Through the Looking Glass Children's Book Reviews

Undertow

Undertow

Michael Buckley
Fiction  Series
For ages 14 and up
Houghton Mifflin Harcourt, 2015   ISBN: 978-0544348257

One evening three years ago Lyric and her mother Summer were on the beach near their home in Coney Island when they heard a frightening, loud noise. Summer started to behave in a very strange manner. She became alert and watchful, and then she ran to the water and dived in. Lyric waited and waited for her mother to appear and was beginning to get frantic with worry when Summer finally came out of the water.

The next day Summer was gone when Lyric got up in the morning and Lyric’s father, who is a local police officer, went out to look for his wife. In a very no nonsense tone of voice he told Lyric to stay home and to lock the door. Lyric did neither. Instead, she went to the beach again and she was there when the Alpha arrived. The Alpha are a five nation race of warriors who live in the ocean, and thousands of them arrived on the beach at Coney Island that day.

Ever since the arrival of the Alpha, life on Coney Island has been very hard for everyone. It was an area rife with urban blight before the arrival of the merpeople, but now it is a war zone, with battles regularly breaking out between the Alpha and a group calling itself the Coney Island Nine, whose members want the Alphas to leave. Xenophobia in its ugliest form is everywhere and the police, National Guard and United Nations personnel are having a hard time keeping the peace. It does not help that the governor of the state is deeply opposed to the presence of the Alpha, and her speeches, with their poisonous vitriolic words, also serve to stoke the anger of the human residents of Coney Island.

There have been both human and Alpha losses since the Alpha arrived, and now the president has decided that part of the solution to the Alpha problem is to integrate the Alphas into human society. He feels that the best way start this process is to send the Alpha children to human schools. The integration is going to start at Lyric’s school and no one is happy about the change. Supporters of the Niners don’t want the Alphas there because they think they are monsters. People who are sympathetic to the Alphas don’t want them there because their presence is going to make life miserable for everyone.

Ever since the arrival of the Alphas, fun loving, outgoing Lyric has been a different person. She used to wear clothes that made her stand out, and she used to be bubbly and sociable, the risk taker who was always willing to do something for fun. Now Lyric has to be as inconspicuous as possible because she and her family have a secret that has to stay hidden.

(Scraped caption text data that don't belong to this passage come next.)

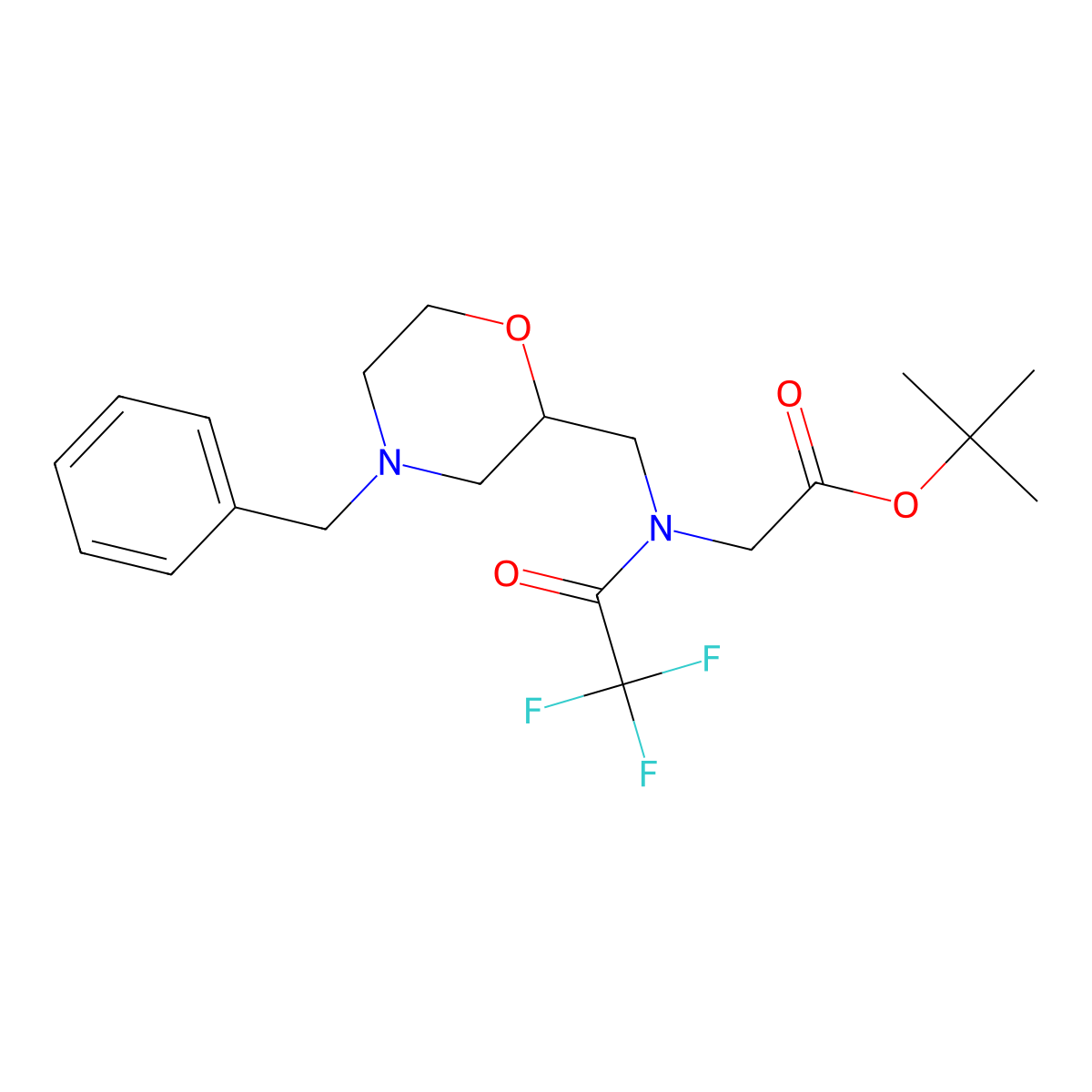 tert-butyl 2-{N-[(4-benzylmorpholin-2-yl)methyl]-2,2,2-trifluoroacetamido}acetate molecular structure, CAS 1803581-92-1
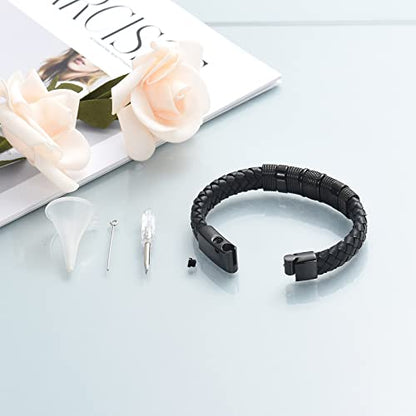 shajwo Cremation Urn Bracelet for Ashes Jewelry for Women Men Memorial Keepsake Cuff Bangle Leather Bracelet - color: Customize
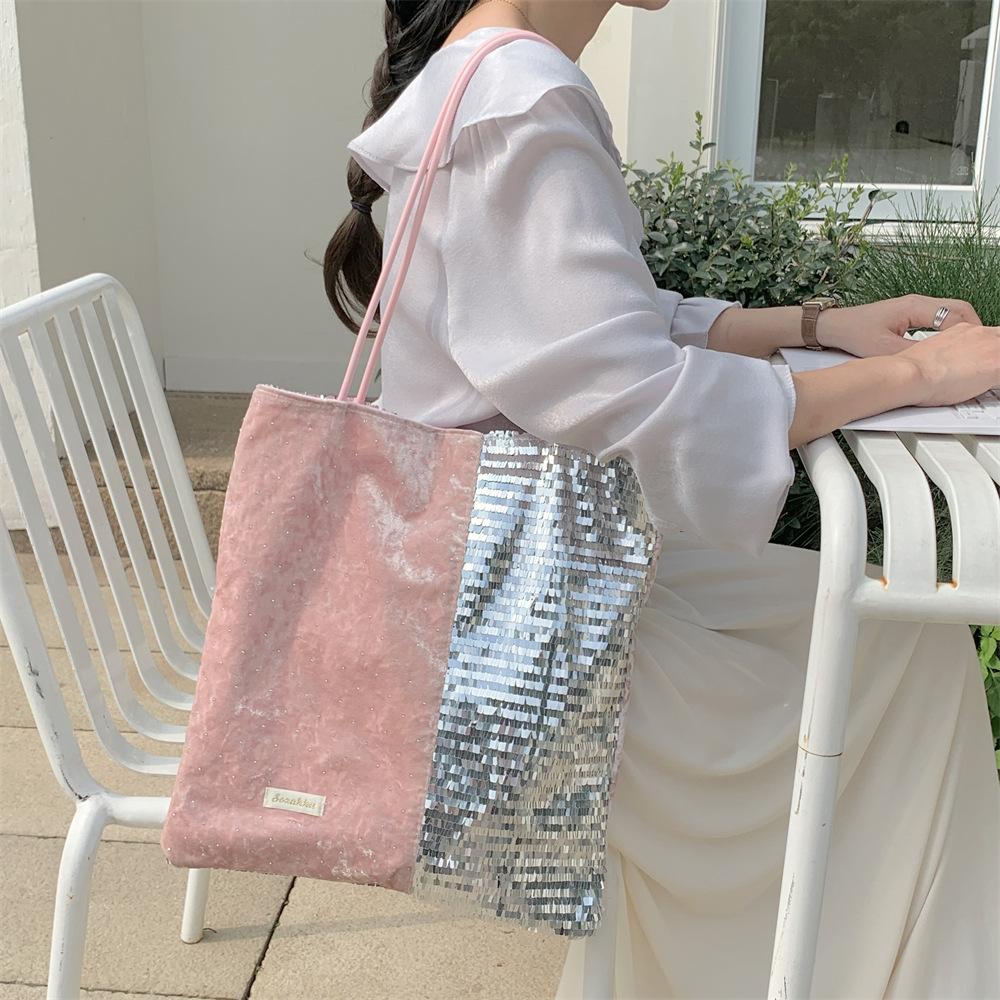 

Fashion Sequin Women Shoulder Bags Large Capacity Commuter Ladies Shopping Handbags Casual Patchwork Velvet Female Crossbody Bag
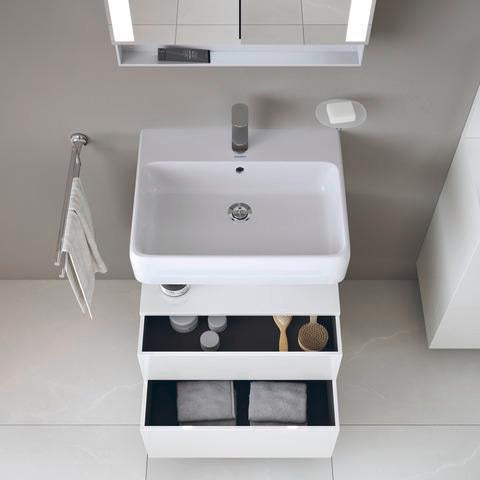 DURAVIT Qatego Waschtischunterbau 590 mm wandhängend, 1 Auszug, weiß Hochglanz, Nische Eiche Schwarz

Many years ago Summer left her home in the ocean and she came onto the land. She is a Sirena, which is just one of the many Alpha tribes. Unlike some of the Alphas, Sirenas can look very human, which is why Summer has been able to blend in with human society for so long. Now the authorities are looking for the Alphas who came to Coney Island around the time Summer arrived. Most of them have been taken away and have not been seen since. Some of them have half human children like Lyric, and Lyric’s parents are desperate to keep their daughter safe. All she has to do is toe the line and lie low.

This should be easy to do, but then Lyric is given the job of befriending one of the Alphas who is coming to her school. Of all the people they could have chosen, they had to choose her. Lyric cannot refuse the principal’s ‘request,’ and so she and Fathom, a Alpha prince who has more than a few problems of his own, spend an hour together every day. Lyric teaches Fathom how to read and she learns something about the complicated culture of his people. There is a strict cast system within the Alpha. One would think being close to the top would be a good thing, but Fathom’s lot in life is hard. He has to fight with other Alpha on behalf of his father and his body is covered with old battle scars.

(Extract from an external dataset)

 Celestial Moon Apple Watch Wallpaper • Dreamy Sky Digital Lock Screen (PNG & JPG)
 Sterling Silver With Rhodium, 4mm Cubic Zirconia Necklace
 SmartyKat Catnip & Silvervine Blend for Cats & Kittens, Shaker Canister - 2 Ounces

With every passing day the rift between the humans and the Alpha widens and it becomes clear that Lyric and her parents need to get out of New York and go as far away as possible. They have to flee before the authorities find out that Lyric’s mother is an Alpha. What no one knows, yet, is that the problems the residents of Coney Island are experiencing now are nothing compared to the bigger problem that is coming.

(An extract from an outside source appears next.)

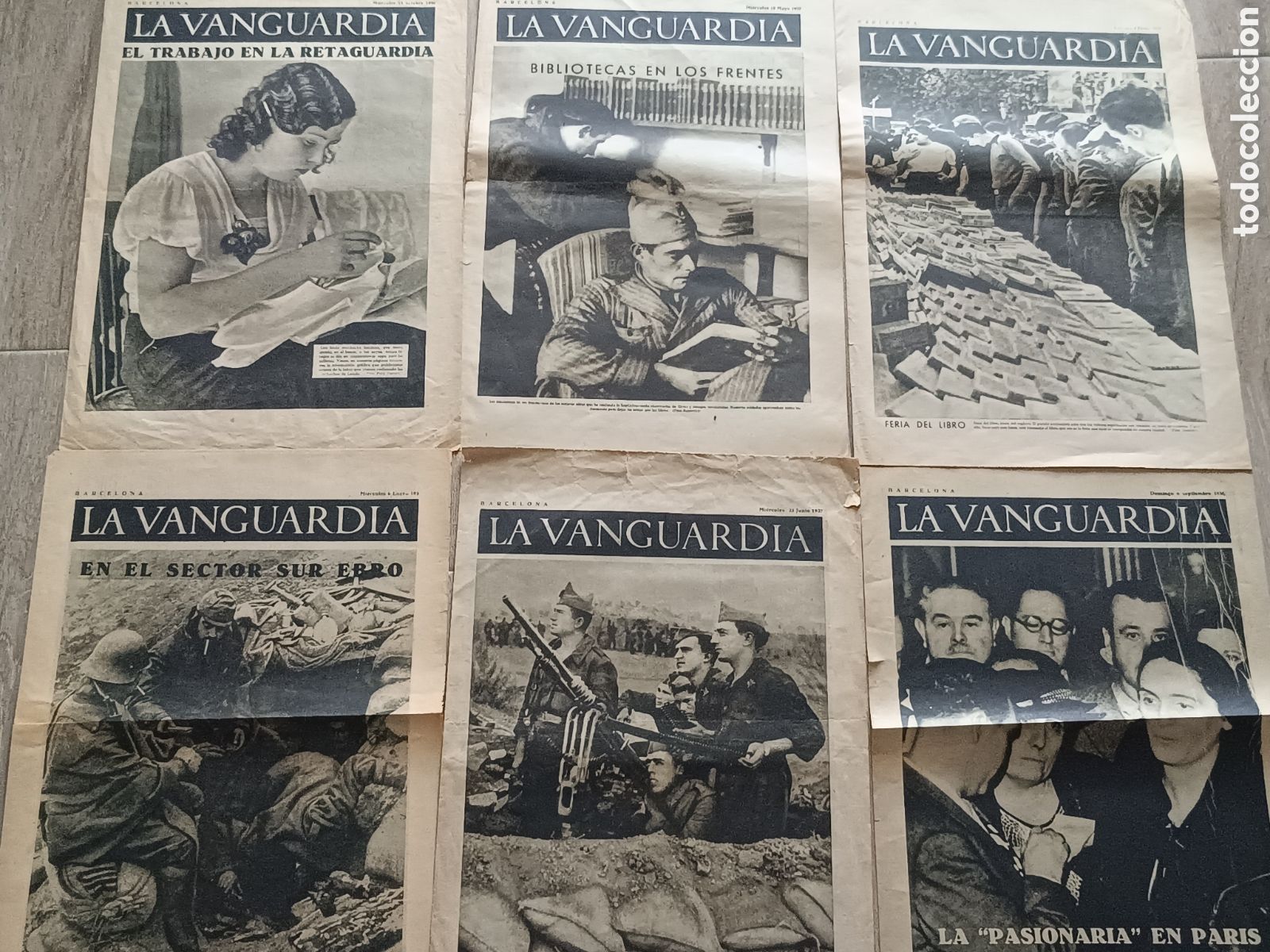 Militaria: LOTE 30 PERI&Oacute;DICOS LA VANGUARDIA NOTAS GR&Aacute;FICAS GUERRA CIVIL 1936-1937- BARCELONA 4 P&Aacute;GINAS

This thrilling novel will keep readers guessing from the first page to the last. One never knows what is going to happen. The suffering that Lyric and her allies experience is often painful, but at the same time it shines a light on what it is like to witness and experience extreme prejudice. Many of the characters we encounter in the story are not likeable, and some are downright hateful, which gives the book a stark and powerful realism that readers will remember long after they have finished reading the book.